きんちゃんのぷらっとドライブ&写真撮影

「しんぶん赤旗」の記事を中心に、政治・経済・労働問題などを個人的に発信。
日本共産党兵庫県委員会で働いています。

人生つづった日記できた 作家、写真家 椎名誠さん

2021-02-17 07:50:38 | 文化・芸術・演劇など
人生つづった日記できた 作家、写真家 椎名誠さん
作家、ときどき写真家の椎名誠さん。旅の記録をまとめた初の写真集『シベリア夢幻』から35年の節目に、『こんな写真を撮ってきた』を出版しました。
竹本恵子記者



しいな・まこと=1944年東京都生まれ。
『犬の系譜』で吉川英治文学新人賞、『アド・バード』で日本SF大賞。『わしらは怪しい探検隊』シリーズなど著書多数。映画監督としても活躍(撮影・野間あきら記者)



新著『こんな写真を撮ってきた』
筆者の限定サイン本が人気です(新日本出版社・税別3000円)


パタゴニア、ケニア、モンゴル…。風のように世界を駆け巡って撮ってきた写真と書き下ろしの文章です。なぜか懐かしく、心にしみます。
よくもこんな写真集ができたもんだ、と。
シアワセです。これまで30冊ほどある写真集は、自分で写真選びをしてきましたが、選ばれるままに編んでいただいたのは初めてです。新鮮で、スリリングでした。時間や場所に関係なくまとめられた人生の写真日記になっています。
写真集を見ていてよく感じるのは、高額な費用をかけて「どうだまいったか」という圧力。でも、ぼくは、写真のなかにどのくらい思いがこめられているかが大切だと思います。どこの国かわからない人たちだけど、満足気にこっちをむいて笑っている。その人たちの背景、暮らしを想像させる。そういう写真に、「ああいいな」と思うんです。


どんな国でも目線の高さ同じに
生まれて初めて写真を撮られた、チベットのうどん屋さんの姉妹。やや緊張して笑いかけてきます。
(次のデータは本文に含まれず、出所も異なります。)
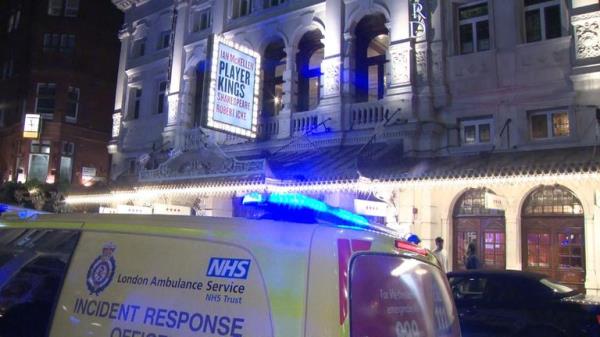 An NHS respo<em></em>nse unit outside the theatre. Pic: Sky News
ここにはカイラス聖山に向かう途中で寄りました。最初はこんな笑顔はありませんでした。3年後に紙焼きの写真を届けました。生まれて初めて写真を見た彼女たちは「自分じゃないみたいだ」と不思議そうにしていました。この子たちも、いまは子どもや家族がいるのでしょうか。
大切にしてきたのは、目線、まなざしです。途上国に行くとどうしても、上から目線で撮ってしまいがちです。
ぼくはしゃがんで同じ目線で撮ります。相手は警戒しているので、最初は不安な表情をする。でも少し打ち解けてくる。笑いながらしゃべりかけてくれたら、意味はわからなくても、相手の言葉を反復してみる。すると笑われます。そこを「しめた」と撮るんです。
マサイ族に望遠レンズをむけて、槍(やり)がとんできたこともありました。


抱き続けたカメラマンの夢
業界誌の編集長をへて『さらば国分寺書店のオババ』で作家デビユーしたのは1979年。カメラマンはそのずっと前からの夢でした。
兄が写真マニアで写真雑誌を購読していました。そのなかに心安らぐ写真を見つけて、いつの間にか傾倒していったんです。
何をやっていいかわからなくて、写真の大学に入りました。学生には写真館の子どもが多かった。でもみんな、なんだか暗くて夢がなくて、会話もなくてね。
そのころ、ぼくは友人4人と共同生活をする苦学生で、自分のカメラも持っていませんでした。大学の課題が出たときだけ、貸しカメラ屋で学生証と引き換えにカメラを借りて、写真を撮り、自分で焼きました。人形町など下町の風景をね。提出した写真、返してほしいな。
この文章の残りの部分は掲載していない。